THE TASK => Every line below should be set down exactly as it appears.

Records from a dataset
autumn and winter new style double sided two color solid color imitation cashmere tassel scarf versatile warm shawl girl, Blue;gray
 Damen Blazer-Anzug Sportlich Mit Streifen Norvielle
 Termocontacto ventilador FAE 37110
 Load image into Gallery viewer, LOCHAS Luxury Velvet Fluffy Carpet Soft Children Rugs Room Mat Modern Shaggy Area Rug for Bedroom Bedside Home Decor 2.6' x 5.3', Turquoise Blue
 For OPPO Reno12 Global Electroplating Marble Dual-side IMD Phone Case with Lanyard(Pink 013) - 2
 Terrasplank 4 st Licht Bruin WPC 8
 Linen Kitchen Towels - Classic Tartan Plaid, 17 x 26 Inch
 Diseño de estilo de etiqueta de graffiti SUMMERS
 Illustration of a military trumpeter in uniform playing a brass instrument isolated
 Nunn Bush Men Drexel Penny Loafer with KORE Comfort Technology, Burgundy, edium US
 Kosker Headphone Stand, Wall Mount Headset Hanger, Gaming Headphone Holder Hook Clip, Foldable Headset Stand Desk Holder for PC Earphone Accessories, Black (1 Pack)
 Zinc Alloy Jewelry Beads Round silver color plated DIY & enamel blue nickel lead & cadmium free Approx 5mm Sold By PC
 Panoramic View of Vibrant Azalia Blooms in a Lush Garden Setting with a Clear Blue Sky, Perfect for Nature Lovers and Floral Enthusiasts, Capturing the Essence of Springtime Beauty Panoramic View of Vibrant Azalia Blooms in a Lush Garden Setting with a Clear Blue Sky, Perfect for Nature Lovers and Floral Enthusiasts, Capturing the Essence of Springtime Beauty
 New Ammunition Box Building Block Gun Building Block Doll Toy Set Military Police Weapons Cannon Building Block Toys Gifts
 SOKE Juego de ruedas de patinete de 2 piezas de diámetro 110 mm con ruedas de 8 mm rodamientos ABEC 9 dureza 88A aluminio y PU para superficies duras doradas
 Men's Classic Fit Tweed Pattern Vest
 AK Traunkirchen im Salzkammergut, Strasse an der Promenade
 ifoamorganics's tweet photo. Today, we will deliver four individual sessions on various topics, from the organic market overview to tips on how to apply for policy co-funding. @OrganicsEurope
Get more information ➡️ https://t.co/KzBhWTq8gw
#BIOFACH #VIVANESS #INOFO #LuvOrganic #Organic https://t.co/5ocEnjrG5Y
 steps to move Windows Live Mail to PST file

EXPECTED ANSWER =>
autumn and winter new style double sided two color solid color imitation cashmere tassel scarf versatile warm shawl girl, Blue;gray
 Damen Blazer-Anzug Sportlich Mit Streifen Norvielle
 Termocontacto ventilador FAE 37110
 Load image into Gallery viewer, LOCHAS Luxury Velvet Fluffy Carpet Soft Children Rugs Room Mat Modern Shaggy Area Rug for Bedroom Bedside Home Decor 2.6' x 5.3', Turquoise Blue
 For OPPO Reno12 Global Electroplating Marble Dual-side IMD Phone Case with Lanyard(Pink 013) - 2
 Terrasplank 4 st Licht Bruin WPC 8
 Linen Kitchen Towels - Classic Tartan Plaid, 17 x 26 Inch
 Diseño de estilo de etiqueta de graffiti SUMMERS
 Illustration of a military trumpeter in uniform playing a brass instrument isolated
 Nunn Bush Men Drexel Penny Loafer with KORE Comfort Technology, Burgundy, edium US
 Kosker Headphone Stand, Wall Mount Headset Hanger, Gaming Headphone Holder Hook Clip, Foldable Headset Stand Desk Holder for PC Earphone Accessories, Black (1 Pack)
 Zinc Alloy Jewelry Beads Round silver color plated DIY & enamel blue nickel lead & cadmium free Approx 5mm Sold By PC
 Panoramic View of Vibrant Azalia Blooms in a Lush Garden Setting with a Clear Blue Sky, Perfect for Nature Lovers and Floral Enthusiasts, Capturing the Essence of Springtime Beauty Panoramic View of Vibrant Azalia Blooms in a Lush Garden Setting with a Clear Blue Sky, Perfect for Nature Lovers and Floral Enthusiasts, Capturing the Essence of Springtime Beauty
 New Ammunition Box Building Block Gun Building Block Doll Toy Set Military Police Weapons Cannon Building Block Toys Gifts
 SOKE Juego de ruedas de patinete de 2 piezas de diámetro 110 mm con ruedas de 8 mm rodamientos ABEC 9 dureza 88A aluminio y PU para superficies duras doradas
 Men's Classic Fit Tweed Pattern Vest
 AK Traunkirchen im Salzkammergut, Strasse an der Promenade
 ifoamorganics's tweet photo. Today, we will deliver four individual sessions on various topics, from the organic market overview to tips on how to apply for policy co-funding. @OrganicsEurope
Get more information ➡️ https://t.co/KzBhWTq8gw
#BIOFACH #VIVANESS #INOFO #LuvOrganic #Organic https://t.co/5ocEnjrG5Y
 steps to move Windows Live Mail to PST file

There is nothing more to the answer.